Location
- 948 Ben Franklin Highway Ebensburg, Pennsylvania 15931

Information
- Established: 1971
- Administrator: Jason Moore Ed.D.
- Director: Mr. Joseph Luther
- Grades: 10–12
- Website: www.ap.tec.pa.us

= Admiral Peary Area Vocational-Technical School =

School in Ebensburg, Pennsylvania, U.S.

Admiral Peary Area Vocational-Technical School is a public school, specializing in vocational education for students of eight participating High Schools in central and northern Cambria County, Pennsylvania. There are 17 shops available to students in grades 10–12. The school is located in Cambria Township, Pennsylvania, and has an Ebensburg postal address.

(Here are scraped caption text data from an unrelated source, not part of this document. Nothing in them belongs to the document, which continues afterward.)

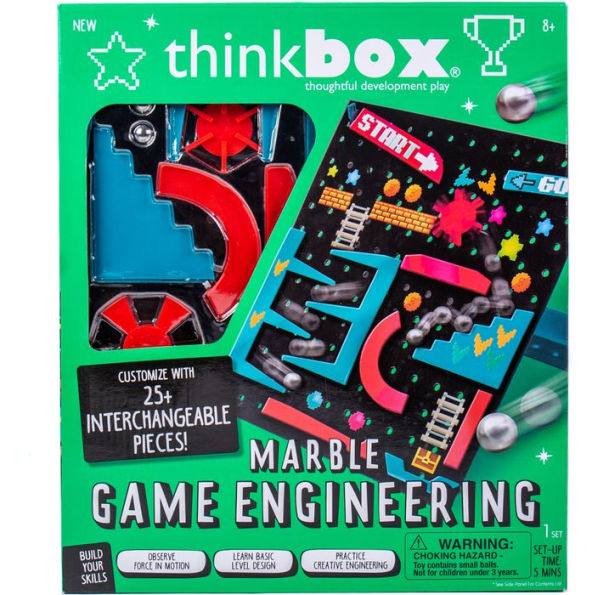 Think Box Marble Game Engineering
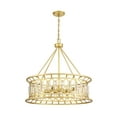 thumbnail image 5 of Daintree 8-Light Pendant in True Gold, 5 of 6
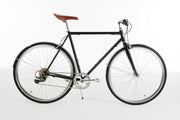 Bicicleta Urbana de Asfalto InFiné Cycles - Negro Mate
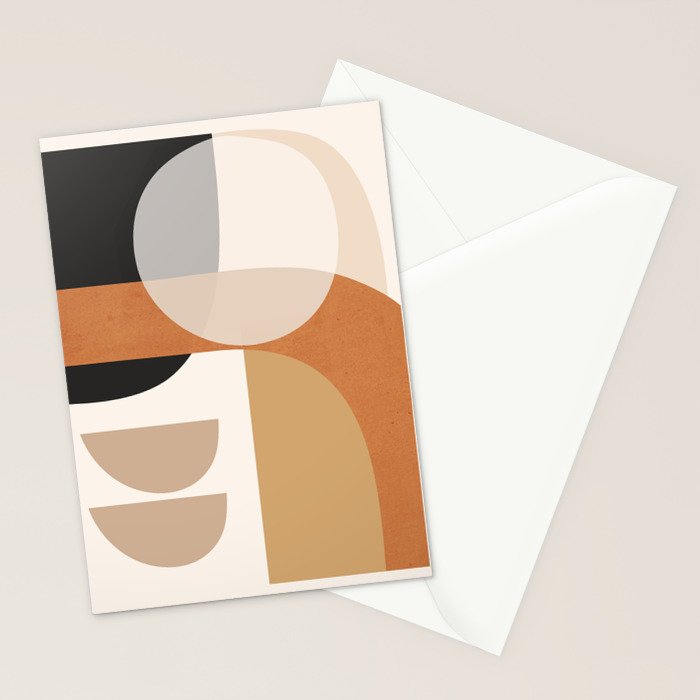 Modern Abstract Art 43 Stationery Card Gallery Image 2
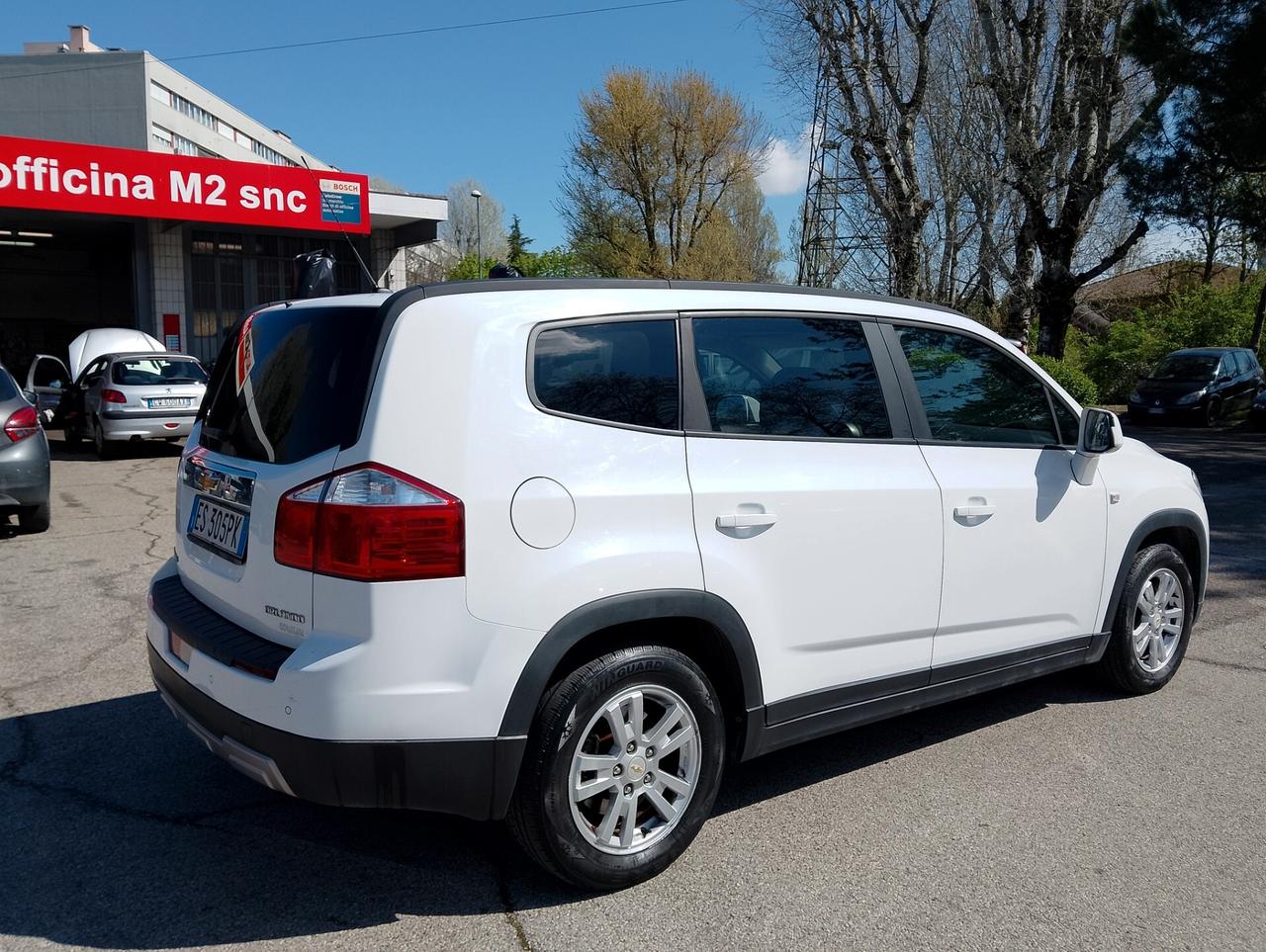 Chevrolet Orlando 1.8 GPL LT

==Participating high schools and school districts==

- Bishop Carroll High School
- Blacklick Valley School District
- Cambria Heights School District
- Central Cambria School District
- Conemaugh Valley School District
- Northern Cambria School District
- Penn Cambria School District
- Portage Area School District

==School history==
Ground was broken on the school on July 18, 1971, but due to extended construction strikes, the school was not completed in time for the 1972–73 school term. Until the school was completed, the school held classes at two temporary sites near Ebensburg. The school was completed around November 17, 1972, with only five of the current eight schools participating. The school was named for Admiral Robert E. Peary, who was raised in nearby Cresson.